A mother from Hammond who had hoped to be moved to Lime Kiln yelled directly to Foose: "You should be mortified." Foose has repeatedly called for more public input in the school district's decision-making processes.
"Change is hard, whether it's perceived that change will be worse or better in the long run," schools spokeswoman Rebecca Amani-Dove said Friday. "It's hard. It's understandable, and there's always going to be emotional reactions in the process but we put as much opportunity for public input in place intentionally so that people's voices are heard. We steeped the redistricting in objectives to try to ground the process."
The school system started collecting community input last spring, before the annual feasibility study in June made any preliminary recommendations. Amani-Dove also pointed to the citizen committee that worked on redistricting proposals throughout the summer and community meetings before the final recommendation in October as ways the public was involved.

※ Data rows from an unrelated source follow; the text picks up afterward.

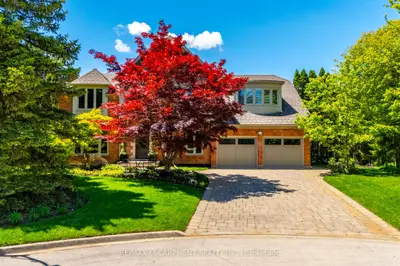 Detached in Burlington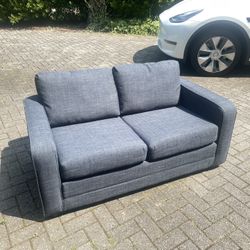 Urban Outfitters - Gavin 2 Seat Sleeper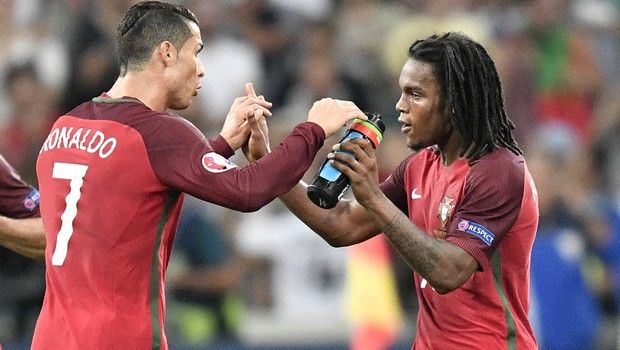 Από μεταγραφή 40.000.000 ευρώ, στα… αζήτητα! Από μεταγραφή 40.000.000 ευρώ, στα… αζήτητα!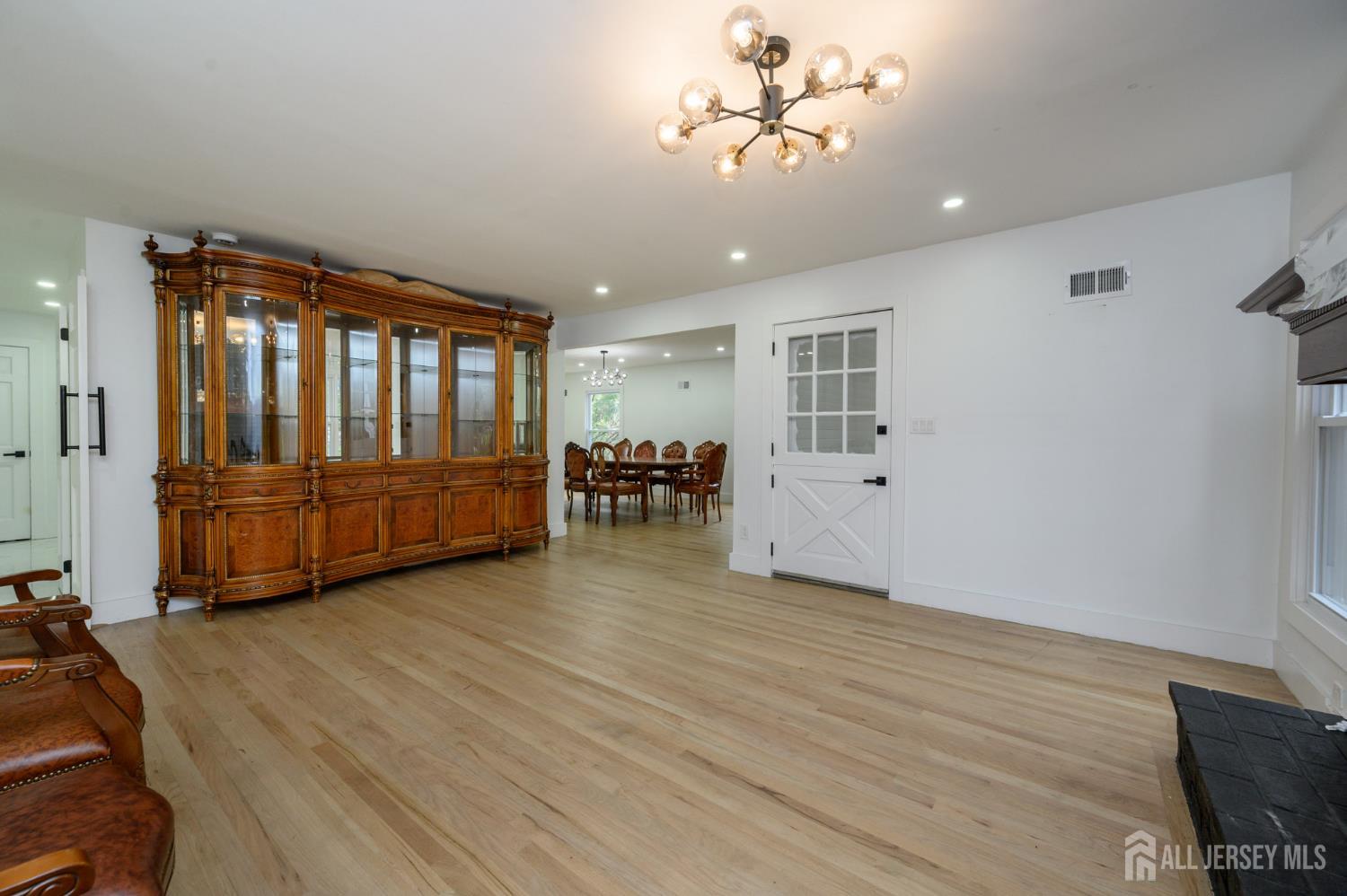Toms River, New Jersey, 08755, United States, 5 Bedrooms Bedrooms, ,4 BathroomsBathrooms,Residential,Active,2042159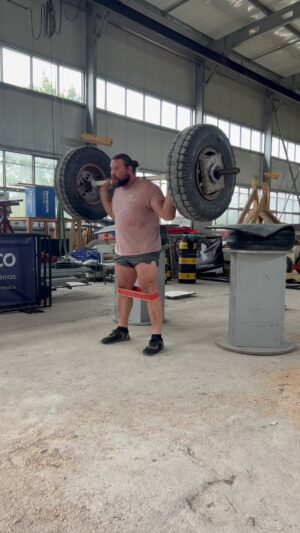 Martins Licis Instagram - Mini trip to Latvia always refuels my spirit! 405lb (185kg) squats with pauses, then regular reps to finish out. Always a good time training with @aivars.smaukstelis ! 
Feeling better every week. Can’t wait to go heavy again! 👊 In due time…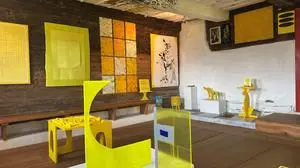 Eine Farbe, viele Formen im alten Mesnerhaus in Außerteuchen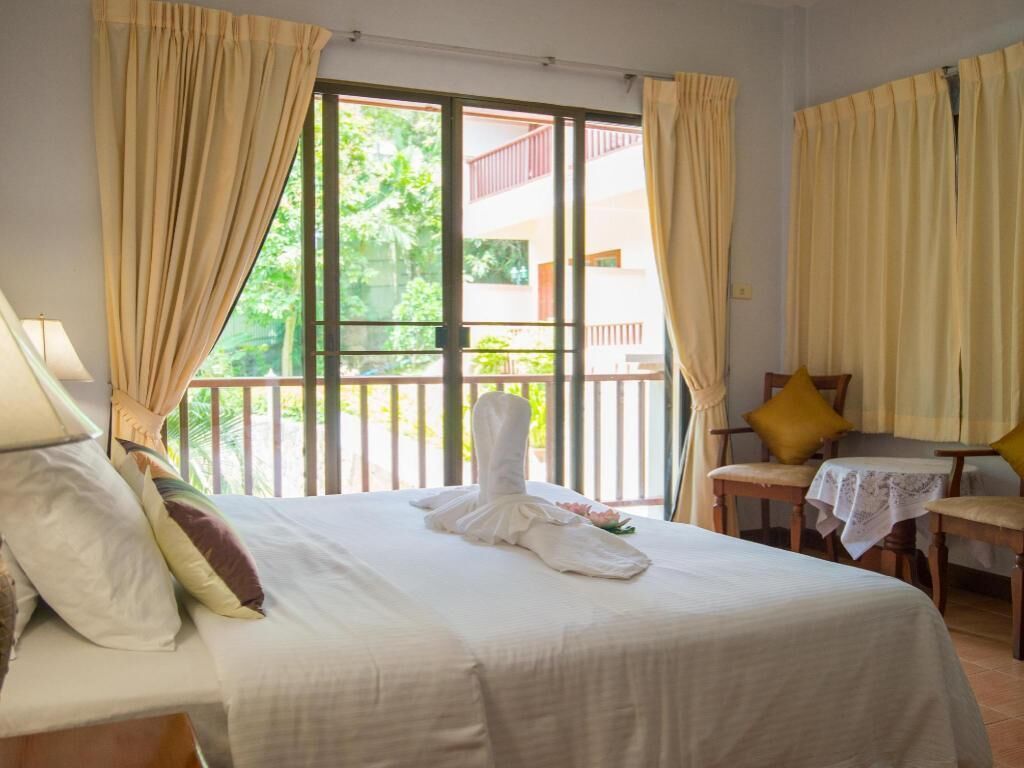 In-room safe, desk, blackout curtains, free WiFi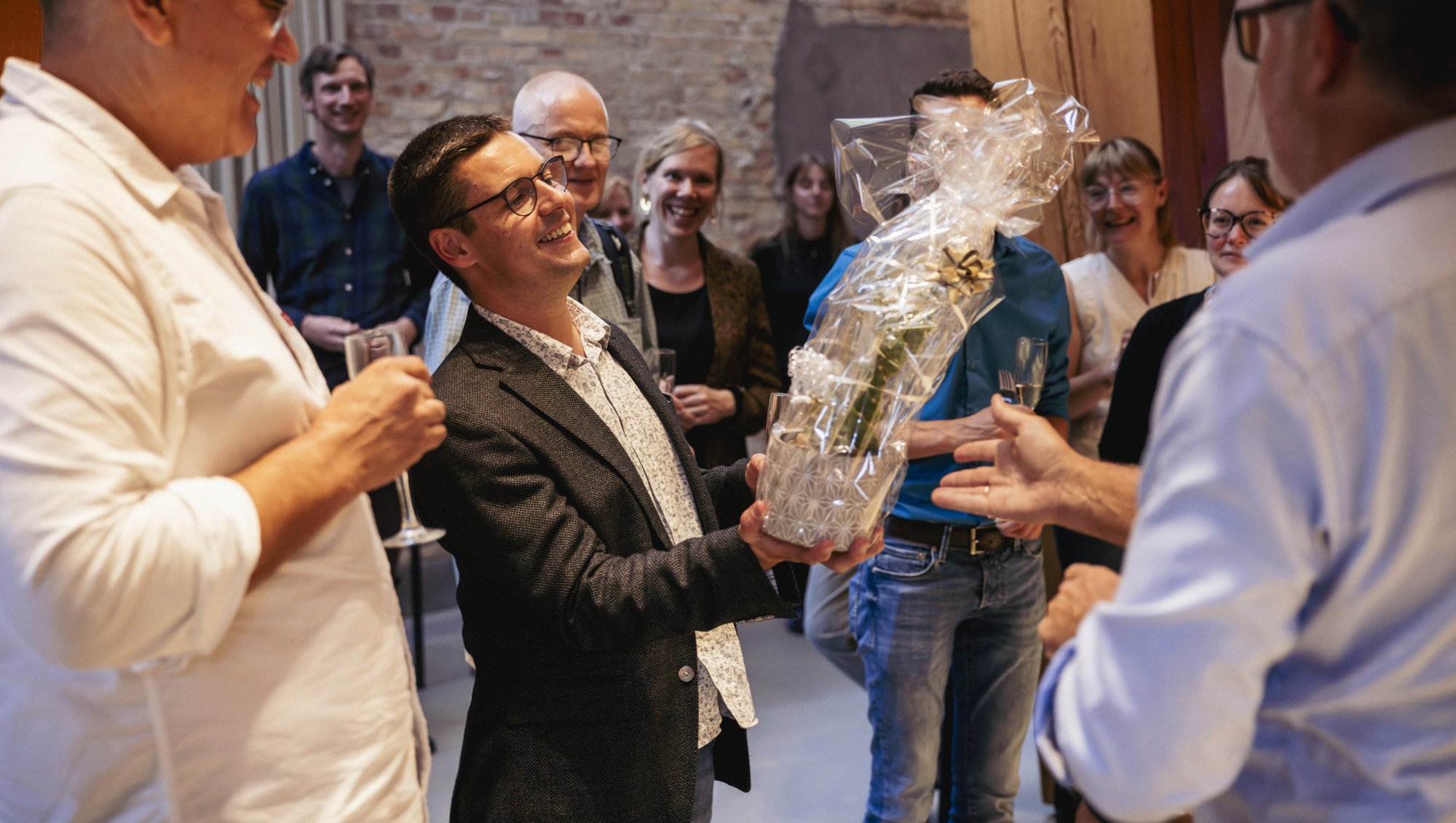 Bjørn receving a gift from Poul Nissen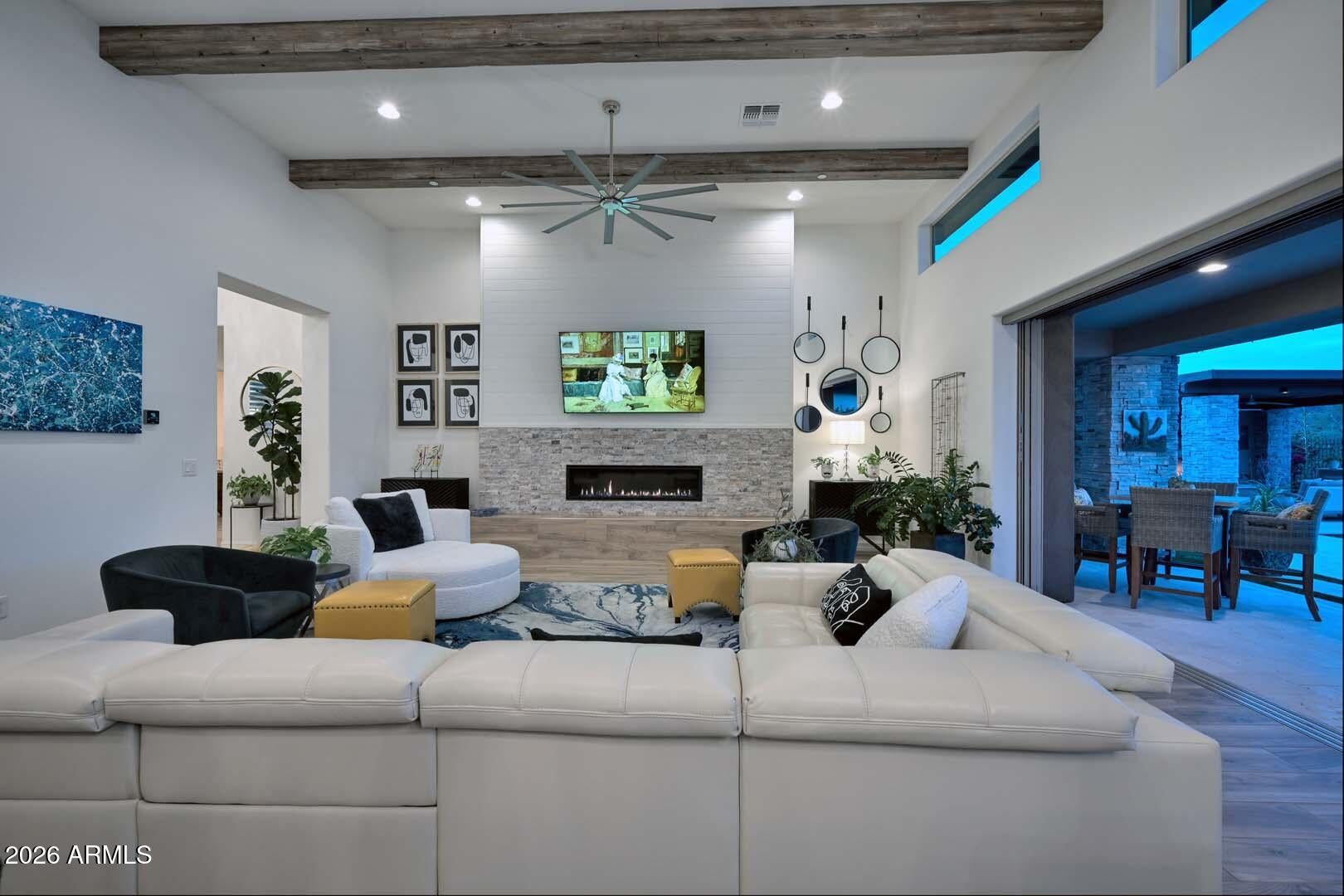 Peoria, Arizona, 85383, United States, 3 Bedrooms Bedrooms, ,4 BathroomsBathrooms,Residential,Active,2007344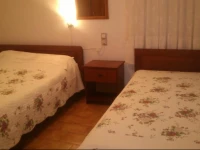 Elenis Rooms 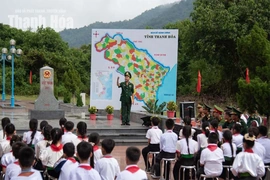 Học yêu nước bên cột mốc chủ quyền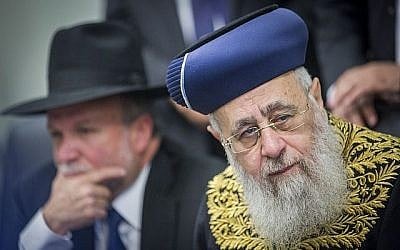 Le Grand Rabbin séfarade Yitzhak Yosef (D) s'exprime lors d'une cérémonie avant la fête de Pessah, le 9 avril 2017. (Yonatan Sindel/Flash90) Le Grand Rabbin séfarade Yitzhak Yosef (D) s'exprime lors d'une cérémonie avant la fête de Pessah, le 9 avril 2017. (Yonatan Sindel/Flash90)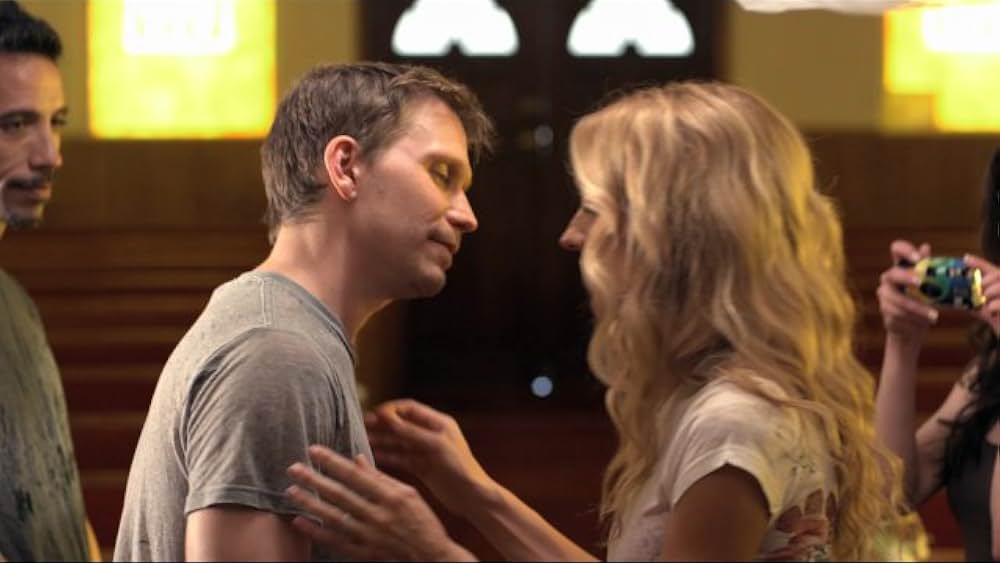 actor Avery Sommers large photo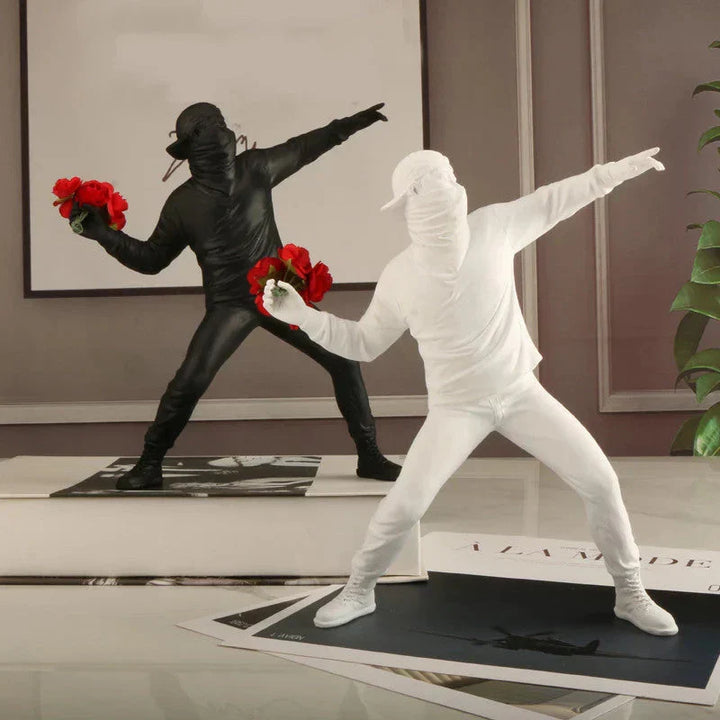 BloomThrower Modern Flower Thrower Statue Bowlift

"In the end, we have to do what makes the most sense for all of the families in the county," she said. "The interests of one community shouldn't override the interests of others."
When a preliminary vote was taken Tuesday, some parents were visibly shaken, with a number crying and others approaching board members after the work session and saying they would never vote for them again. Of those who cast votes of approval in the split preliminary decision (Aquino, Ellen Giles, Ann De Lacy and Sandra French), Aquino and French are up for re-election next fall, two months after the redistricting will take effect.
Brian Meshkin and Cindy Vaillancourt cast dissenting votes when it came to moving students from Murray Hill Middle School to Patuxent Valley Middle School, from Hammond Middle School to Lime Kiln Middle School and from Mayfield Woods Middle School to the new middle school currently being built in Hanover's Oxford Square development.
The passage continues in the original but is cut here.